While I’m not an overtly spiritual woman, I grapple with my Catholic-imbued spirituality constantly. I was in the grips of this struggle in late April of 2007 when I originally wrote and published this post. It was conceived and written from my heart. And in all honesty, it helped me when I wrote it then; it has helped me to read it now.
3:46 PM Thursday April 26, 2007
SCENE: A cramped and messy apartment, somewhere in Southweast Texas. Laurie sits at her desk. The phone rings.
It is God calling
God: Hey LK. What’s shakin’? You had a birthday recently.
LK: I did God, thanks for remembering. Hey, this is a real surprise. You never call me.
God: I felt like talking.
LK: What are you up to?
God: Oh, you know. I’m like the McDonald’s of redemption. I answer six billion prayers a day. I wake up the next morning and there are six billion more.
LK: We mortals are a pesky, relentless bunch.

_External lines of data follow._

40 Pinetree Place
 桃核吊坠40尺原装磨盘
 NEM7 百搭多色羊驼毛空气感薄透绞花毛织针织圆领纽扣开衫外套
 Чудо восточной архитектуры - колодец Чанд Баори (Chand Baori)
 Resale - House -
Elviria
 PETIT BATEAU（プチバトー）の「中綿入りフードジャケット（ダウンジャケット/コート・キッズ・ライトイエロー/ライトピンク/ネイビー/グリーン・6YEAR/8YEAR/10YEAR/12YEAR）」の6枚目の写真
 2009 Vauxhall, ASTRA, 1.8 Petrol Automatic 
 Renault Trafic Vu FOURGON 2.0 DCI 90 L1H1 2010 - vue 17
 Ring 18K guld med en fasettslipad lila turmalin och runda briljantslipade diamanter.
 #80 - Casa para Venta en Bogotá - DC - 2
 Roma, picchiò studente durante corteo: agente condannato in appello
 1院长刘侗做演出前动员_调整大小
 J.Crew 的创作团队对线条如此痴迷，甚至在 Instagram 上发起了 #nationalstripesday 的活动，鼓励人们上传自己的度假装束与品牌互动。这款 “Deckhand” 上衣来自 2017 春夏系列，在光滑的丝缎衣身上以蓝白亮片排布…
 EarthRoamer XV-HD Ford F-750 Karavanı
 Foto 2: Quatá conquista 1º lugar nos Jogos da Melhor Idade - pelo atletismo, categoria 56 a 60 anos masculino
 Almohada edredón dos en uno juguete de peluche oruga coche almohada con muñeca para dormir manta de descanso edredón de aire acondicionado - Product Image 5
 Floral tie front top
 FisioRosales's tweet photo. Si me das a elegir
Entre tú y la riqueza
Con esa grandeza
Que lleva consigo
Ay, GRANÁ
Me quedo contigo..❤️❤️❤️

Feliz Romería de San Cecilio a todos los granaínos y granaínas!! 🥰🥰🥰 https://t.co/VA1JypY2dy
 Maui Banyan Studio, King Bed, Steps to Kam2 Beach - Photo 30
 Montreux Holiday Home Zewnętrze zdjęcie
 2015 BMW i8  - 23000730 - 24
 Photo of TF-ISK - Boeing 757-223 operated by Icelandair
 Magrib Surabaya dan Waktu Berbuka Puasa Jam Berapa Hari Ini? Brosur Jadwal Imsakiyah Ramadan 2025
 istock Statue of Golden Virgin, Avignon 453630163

God: Yes, you are, but I love ya. Anything on your mind?
LK: Yeah, there is. God, there’s a lot of crap in the world now. Heavy stuff happening. I just don’t understand why things are the way they are.
God: I know. Most of it’s hard to wrap your head around. Like why Eddie Murphy didn’t win the Best Supporting Actor Oscar for “Dreamgirls”. And of course, there’s the whole Sanjaya thing.
LK: What was that all about?
God: Sanjaya? Oh for that, you can thank all the girls in the fifth grade class of the The Palmer School in Winnetka, Illinois.
God: Prayer circle.
LK: Interesting. Why then was Sanjaya voted off “American Idol”?
God: For that, you can thank all the the boys in the fifth grade class of The Palmer School in Winnetka, Illinois.
LK: That’s pretty funny. Still, it seems odd that we’re praying for Sanjaya when there are so many other things that need your attention.
God: People pray for a lot of different things. What’s pressing to some, won’t be to others. I don’t rate prayers or prioritize them. If you need something, you ask me, I hear you.
LK: But do you always answer every prayer?
LK: Doesn’t seem like it.
God: I do. Take you for example. There was that little issue of penis envy in fourth grade? Remember that? You prayed to me, asking me to turn you into a boy. I answered your prayer by keeping you a girl.
LK: But you didn’t give me what I wanted. I really wanted to become a boy. And by the way, what was I thinking?
God: Please! You were eight years old at the time and no, I didn’t give you what you wanted, but I gave you what you needed. Don’t get me wrong, sure, I could’ve done it. I could’ve snapped my fingers and you’d have gone from Laurie to Larry in a flash. But that’s not what you needed. That’s not what Madolyn Welsh needed, either.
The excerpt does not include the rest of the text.